Khama is found to have been directly involved in the restructuring of the BTO, a decision which would have required an additional P23 million which was not budgeted for, subsequently necessitating the Ministry of Tourism to approach parliament through supplementary appropriation. “It came to light that the Minister was directly running the BTO. The decision to restructure should have emanated from the Board and not the Minister,” the report reads.


The committee also found Khama to have acted wrongly when he instructed BTO to appoint a medical insurance company to provide an insurance cover for BTO. A direct appointment of ASUIA as a service provider for inbound insurance was to be made at the request of Khama. A contract was to be signed with the company at the direction of the Minister. “The NBFIRA had advised that BTO should engage a local insurer before opening the tender to international bidders. This advice was ignored by the Ministry,” indicates the report.


The committee further found that the decision made by Khama should have actually been made by the Board. In another wrong doing, Khama instructed then BTO CEO Brian Dithebe to appoint Changu Newman to be the BTO attaché in Washington DC against the advice from the Human Resources Unit.
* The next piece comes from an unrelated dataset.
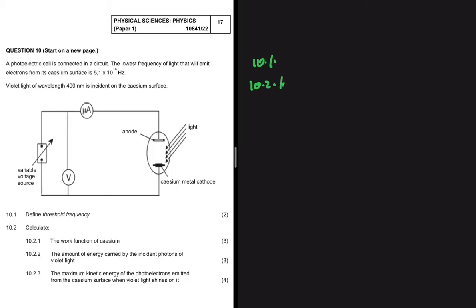Let's calculate the work function of cesium. We have a photoelectric cell connected in a circuit. The lowest frequency of light that will emit electrons from its cesium surface is 5.1 times 10 to the 14 hertz. So we have the threshold frequency which equals 5.1 times 10 to the power 14 hertz.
“Mrs Newman’s overall performance in the assessment indicated marginally below average competency potential compared to other professionals in management. This also had a bearing on the issues of governance where the Minister interfered with the running of the BTO,” says the report.


The firing of BTO CEO was not procedural according to the report. The Acting Chairman of the Board acting together with Ministry agreed and terminated the contract without following proper procedures since the Acting Chairman of the Board cannot legally act on his own without other members of the Board, stated the report. “The Committee was of the view that the action of the Acting Chairman and the Ministry was procedurally flowed.”


RECOMMENDATIONS


The Committee recommends that the BTO be instructed to to conduct a forensic audit for a three year period ending December 2017, under the direction of the Auditor General and report findings to Parliament) the Tourism Bill, 2017, seeks to validate a process which was done improperly, and therefore the Committee recommends that the bill be deferred pending the outcome of the detailed forensic audit, Khama has also been warned to refrain from acting in such a manner that violates the BTO Act, with further recommendation that President takes appropriate action in relation to the Minister’s meddling with the affairs of the BTO.


In November 2017, Masisi, then Vice President coaxed Khama to withdraw the Tourism Development Levy Bill, after it emerged from the committee that Khama tried to validate his actions at BTO through the bill. The committee also comprise of Major Gen Pius Mokgware, Gilbert Mangole, Sethom Lelatisitswe, Dr Phenyo Butale, Kosta Markus and Mephato Reatile.